BEGIN Records for the exercise
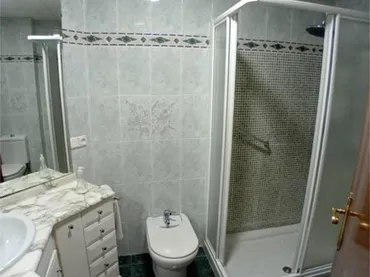 Piso en Adoratrices - Foto 9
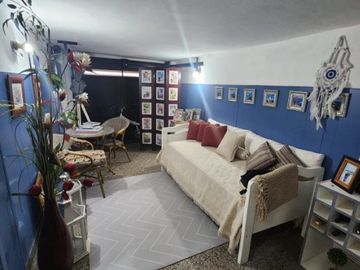 Casa en venta en Avellaneda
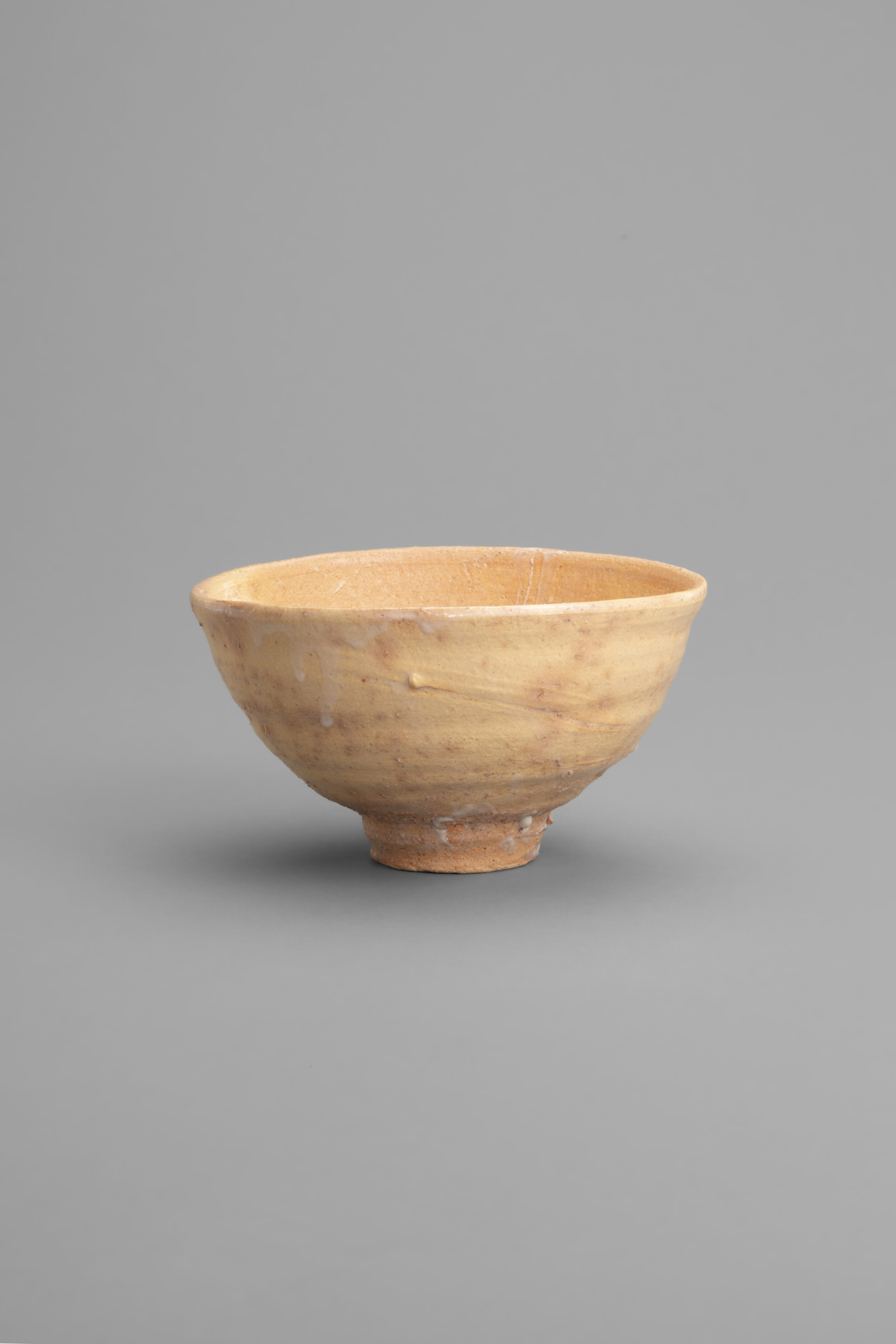 井戸茶盌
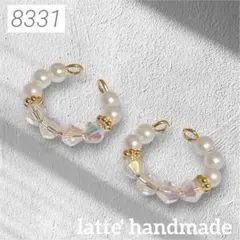 Item thumbnail for item 6e9b809d-e291-48a1-917e-3b9235f59bd6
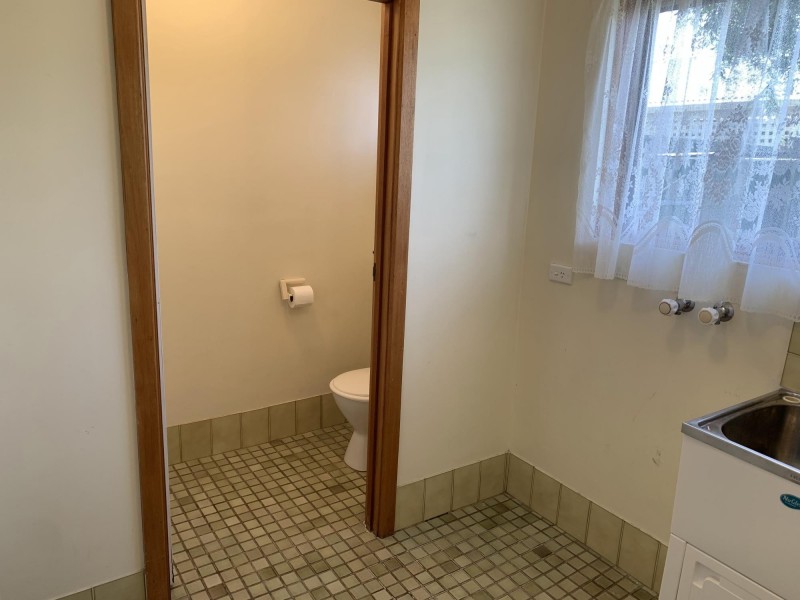 8/200 Morphett Road, Glengowrie SA 5044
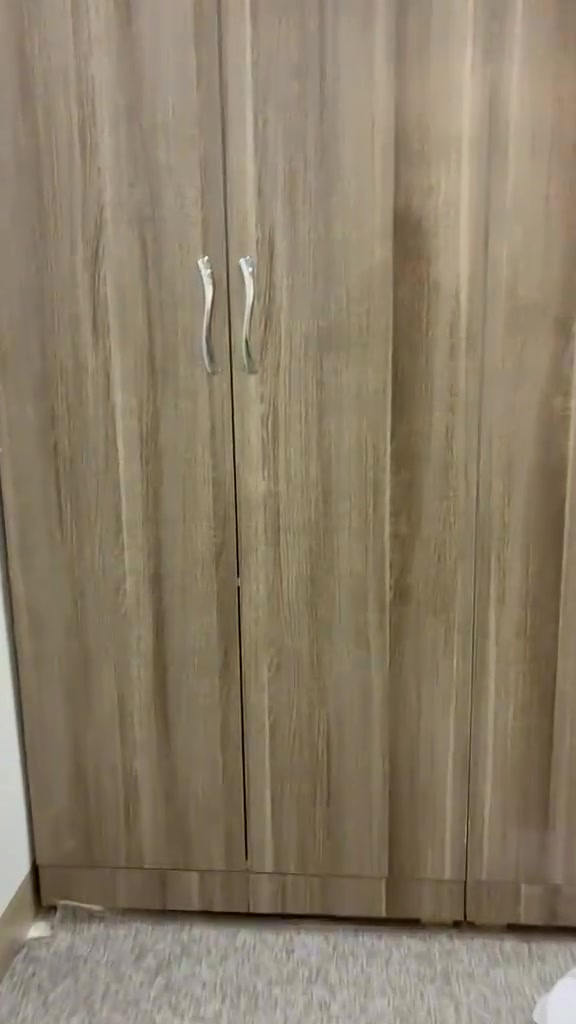 هةولير  لوك


**إذا كنت صاحب هذا الإعلان وتريد حذفه لأي سبب، رجاءا أرسل رسالة إلى الدعم الفني**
END Records for the exercise
● Exercise aim
Each line from the one with "8/200 Morphett Road, Glengowrie SA 5044" to the last line of the listing should be returned exactly, both ends included, and no picture with them.

● Exercise solution
 8/200 Morphett Road, Glengowrie SA 5044
 هةولير  لوك


**إذا كنت صاحب هذا الإعلان وتريد حذفه لأي سبب، رجاءا أرسل رسالة إلى الدعم الفني**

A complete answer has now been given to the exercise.